6th President of University of Victoria
- In office 1 September 2000 – 30 June 2013
- Preceded by: David F. Strong
- Succeeded by: Jamie Cassels

Personal details
- Born: 14 July 1956 (age 69)^{[citation needed]} Duncan, British Columbia, Canada^{[citation needed]}
- Alma mater: University of British Columbia
- Occupation: Administrator
- Profession: Academic, professor, plant biologist, author
- Salary: $689,597.48 (2019)
- Awards: Order of Canada
- Fields: Botany Oceanography
- Institutions: University of British Columbia; University of Victoria; University of Alberta;
- Thesis: Processes in nutrient based phytoplankton ecology (1980)

= David H. Turpin =

Canadian scholar

David Howard Turpin (born 14 July 1956) is a Canadian scholar and the former university president. Turpin was the president and vice-chancellor of the University of Alberta (2015–2020) and the University of Victoria (2000 to 2013).

In 2010, he was appointed a member of the Order of Canada.

==Early life and education==
In 1977, Turpin received a BSc degree in cell biology from the University of British Columbia.

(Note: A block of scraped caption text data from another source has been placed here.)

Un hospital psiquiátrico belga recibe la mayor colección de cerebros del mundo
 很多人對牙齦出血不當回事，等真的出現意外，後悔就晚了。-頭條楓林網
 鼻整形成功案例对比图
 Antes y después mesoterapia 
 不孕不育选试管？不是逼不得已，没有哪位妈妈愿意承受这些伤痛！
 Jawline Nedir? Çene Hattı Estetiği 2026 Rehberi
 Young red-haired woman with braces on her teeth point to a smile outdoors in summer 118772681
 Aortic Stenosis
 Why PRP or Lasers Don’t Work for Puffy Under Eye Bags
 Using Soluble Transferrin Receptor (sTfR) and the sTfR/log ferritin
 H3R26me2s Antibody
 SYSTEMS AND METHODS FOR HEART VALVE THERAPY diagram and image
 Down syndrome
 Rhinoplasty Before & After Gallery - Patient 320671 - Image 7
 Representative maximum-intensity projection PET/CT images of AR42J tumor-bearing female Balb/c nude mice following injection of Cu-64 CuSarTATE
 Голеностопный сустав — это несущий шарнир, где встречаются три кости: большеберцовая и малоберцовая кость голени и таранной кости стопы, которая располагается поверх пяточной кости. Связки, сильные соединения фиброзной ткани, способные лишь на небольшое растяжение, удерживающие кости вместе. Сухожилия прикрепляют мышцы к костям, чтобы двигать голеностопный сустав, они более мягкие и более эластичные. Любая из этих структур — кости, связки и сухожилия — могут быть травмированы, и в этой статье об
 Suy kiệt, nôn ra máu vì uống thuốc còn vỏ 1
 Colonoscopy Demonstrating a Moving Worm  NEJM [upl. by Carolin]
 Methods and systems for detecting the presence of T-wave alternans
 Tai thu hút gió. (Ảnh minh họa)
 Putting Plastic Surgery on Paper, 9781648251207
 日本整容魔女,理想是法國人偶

In 1980 he received a PhD degree in botany and oceanography from the University of British Columbia.

==Career ==
From 2000 to 2013, Turpin was the president and vice-chancellor of the University of Victoria. Turpin was appointed the president and vice-chancellor of the University of Alberta in 2015. He did not seek renewal for a second term, and his term at the University of Alberta ended on 30 June 2020. Turpin is president emeritus of the University of Alberta. He was appointed as a member of the board of directors for Polar Knowledge Canada for 5 years from January 2023 to January 2028.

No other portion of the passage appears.